THINK: One of my favorite television moments of the last few years was a shot of Michael Scott (Steve Carell) from The Office doing a little bit of introspection. I laughed at his observation because I felt like I could relate, and not only that, but I felt like probably a whole lot of people could relate? How many of you have felt like this?
🙂 We all like to be liked, even if we’d say that it isn’t a need. But sometimes in our lives we encounter people who don’t like us, or, at the very least, people who say hurtful things about us and try to put us down. I can think of a number of examples in my own life where I earned the dislike – times where I said or did something or acted in a certain way that resulted in negative things being said about me as a consequence. I’m sure that all of us can. But there have also been times when I haven’t done or said anything wrong or acted in a way that offended someone and, despite that, had someone say something negative about me. I’m sure that everyone can relate to that as well. And when that happens we have this profound sense of injustice. Our inner Michael Scott-like need to be liked is violated and we don’t know what to do.

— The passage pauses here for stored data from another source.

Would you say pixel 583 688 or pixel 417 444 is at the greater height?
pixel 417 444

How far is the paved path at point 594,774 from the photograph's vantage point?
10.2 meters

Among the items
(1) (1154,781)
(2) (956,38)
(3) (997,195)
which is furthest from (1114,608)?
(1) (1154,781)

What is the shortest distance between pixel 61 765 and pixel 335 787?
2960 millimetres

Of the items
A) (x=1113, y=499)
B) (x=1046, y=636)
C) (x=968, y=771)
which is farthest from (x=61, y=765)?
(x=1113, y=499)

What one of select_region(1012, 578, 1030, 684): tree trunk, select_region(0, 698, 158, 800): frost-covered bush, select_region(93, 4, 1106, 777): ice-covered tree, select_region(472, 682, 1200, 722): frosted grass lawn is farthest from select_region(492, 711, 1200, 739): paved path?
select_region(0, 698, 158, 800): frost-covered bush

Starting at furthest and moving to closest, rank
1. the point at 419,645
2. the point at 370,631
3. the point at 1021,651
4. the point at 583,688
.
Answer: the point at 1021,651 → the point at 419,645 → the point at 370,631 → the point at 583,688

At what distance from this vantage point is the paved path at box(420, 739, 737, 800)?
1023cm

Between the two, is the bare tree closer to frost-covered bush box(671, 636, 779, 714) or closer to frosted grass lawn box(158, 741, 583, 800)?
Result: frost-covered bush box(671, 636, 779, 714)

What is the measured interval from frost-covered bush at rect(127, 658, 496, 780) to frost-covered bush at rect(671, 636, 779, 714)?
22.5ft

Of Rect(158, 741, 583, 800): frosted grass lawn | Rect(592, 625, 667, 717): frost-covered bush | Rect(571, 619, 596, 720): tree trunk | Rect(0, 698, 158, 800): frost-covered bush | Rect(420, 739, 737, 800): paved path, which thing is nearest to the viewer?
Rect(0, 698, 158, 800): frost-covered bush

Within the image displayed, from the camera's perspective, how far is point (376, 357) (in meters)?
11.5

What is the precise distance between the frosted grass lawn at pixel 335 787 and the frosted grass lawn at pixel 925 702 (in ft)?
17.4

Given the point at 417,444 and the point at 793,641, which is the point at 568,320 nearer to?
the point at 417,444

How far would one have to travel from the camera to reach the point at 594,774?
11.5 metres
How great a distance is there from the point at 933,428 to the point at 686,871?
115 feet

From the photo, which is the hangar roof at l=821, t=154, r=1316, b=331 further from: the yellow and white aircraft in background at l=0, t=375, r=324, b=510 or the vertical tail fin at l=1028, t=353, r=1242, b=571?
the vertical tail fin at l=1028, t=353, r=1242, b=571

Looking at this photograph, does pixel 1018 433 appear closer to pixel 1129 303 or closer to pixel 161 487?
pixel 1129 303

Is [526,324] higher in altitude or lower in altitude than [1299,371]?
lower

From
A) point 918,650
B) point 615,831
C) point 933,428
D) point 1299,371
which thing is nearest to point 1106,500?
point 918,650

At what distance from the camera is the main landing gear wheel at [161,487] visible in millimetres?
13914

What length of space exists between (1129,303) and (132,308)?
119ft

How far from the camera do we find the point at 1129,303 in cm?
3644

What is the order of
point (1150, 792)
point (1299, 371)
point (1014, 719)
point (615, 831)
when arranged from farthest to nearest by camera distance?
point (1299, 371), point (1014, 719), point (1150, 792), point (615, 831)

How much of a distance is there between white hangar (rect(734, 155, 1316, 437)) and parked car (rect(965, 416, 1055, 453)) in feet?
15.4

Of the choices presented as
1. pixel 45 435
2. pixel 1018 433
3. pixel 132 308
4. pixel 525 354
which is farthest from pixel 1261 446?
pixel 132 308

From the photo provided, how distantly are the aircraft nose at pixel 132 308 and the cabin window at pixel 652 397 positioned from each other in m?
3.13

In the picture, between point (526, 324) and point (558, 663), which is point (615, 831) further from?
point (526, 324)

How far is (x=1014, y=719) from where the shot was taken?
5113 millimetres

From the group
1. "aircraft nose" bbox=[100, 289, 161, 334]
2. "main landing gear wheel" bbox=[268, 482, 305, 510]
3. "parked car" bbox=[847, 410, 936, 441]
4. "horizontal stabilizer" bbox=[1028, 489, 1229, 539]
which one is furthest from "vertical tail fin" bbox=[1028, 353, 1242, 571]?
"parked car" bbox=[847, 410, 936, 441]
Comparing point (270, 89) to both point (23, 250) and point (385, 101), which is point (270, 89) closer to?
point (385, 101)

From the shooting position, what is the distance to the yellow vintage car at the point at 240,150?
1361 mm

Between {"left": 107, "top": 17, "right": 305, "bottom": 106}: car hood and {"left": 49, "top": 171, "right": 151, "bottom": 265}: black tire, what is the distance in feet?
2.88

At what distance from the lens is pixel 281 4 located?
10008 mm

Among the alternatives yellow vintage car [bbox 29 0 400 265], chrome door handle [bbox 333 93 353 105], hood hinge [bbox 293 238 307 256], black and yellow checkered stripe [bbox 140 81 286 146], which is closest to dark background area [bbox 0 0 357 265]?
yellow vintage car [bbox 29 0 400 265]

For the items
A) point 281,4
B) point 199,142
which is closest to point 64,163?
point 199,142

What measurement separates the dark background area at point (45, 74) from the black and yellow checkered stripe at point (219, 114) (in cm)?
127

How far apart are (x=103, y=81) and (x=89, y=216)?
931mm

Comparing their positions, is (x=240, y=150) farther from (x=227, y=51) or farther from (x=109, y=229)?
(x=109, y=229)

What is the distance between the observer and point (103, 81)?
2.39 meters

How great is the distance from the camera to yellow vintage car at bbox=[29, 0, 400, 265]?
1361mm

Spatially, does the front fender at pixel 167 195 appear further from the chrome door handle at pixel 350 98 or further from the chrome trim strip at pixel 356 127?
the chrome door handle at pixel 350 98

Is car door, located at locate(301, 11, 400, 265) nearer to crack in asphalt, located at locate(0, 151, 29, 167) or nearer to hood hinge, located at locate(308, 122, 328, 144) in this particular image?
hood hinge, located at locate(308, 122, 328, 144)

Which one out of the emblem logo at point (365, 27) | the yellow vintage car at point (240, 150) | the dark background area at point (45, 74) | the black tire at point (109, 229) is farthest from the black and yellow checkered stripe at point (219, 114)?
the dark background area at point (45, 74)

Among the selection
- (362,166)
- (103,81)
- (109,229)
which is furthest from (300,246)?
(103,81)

When this happened to David he took it before God in prayer. Cush, the Benjamite, had slandered him, and David hadn’t done or said anything wrong to provoke it. So he brought it before God and trusted in a few things: 1. God hears our prayer, & 2. God will defend us and bring about justice so we really don’t need to worry or be concerned with defending our own reputations. This is really liberating! We need to be careful not to act in ways that offend others and cause them to lash out at us. But in the inevitable instances in life where we are unfairly accused and slandered there is no need whatsoever to allow worry to creep in or allow our lives to be defined by the words that were said. God hears our prayers, and he is just. We don’t need to be liked. We need to remember that we are truly loved!
ASK: What would it look like to release my own need/desire for revenge totally to God and trust him with the situation? How does it change the way I react to the negative comments & actions of others if, instead of first thinking about the way they perceive me, my first thought is to remember how much God loves me?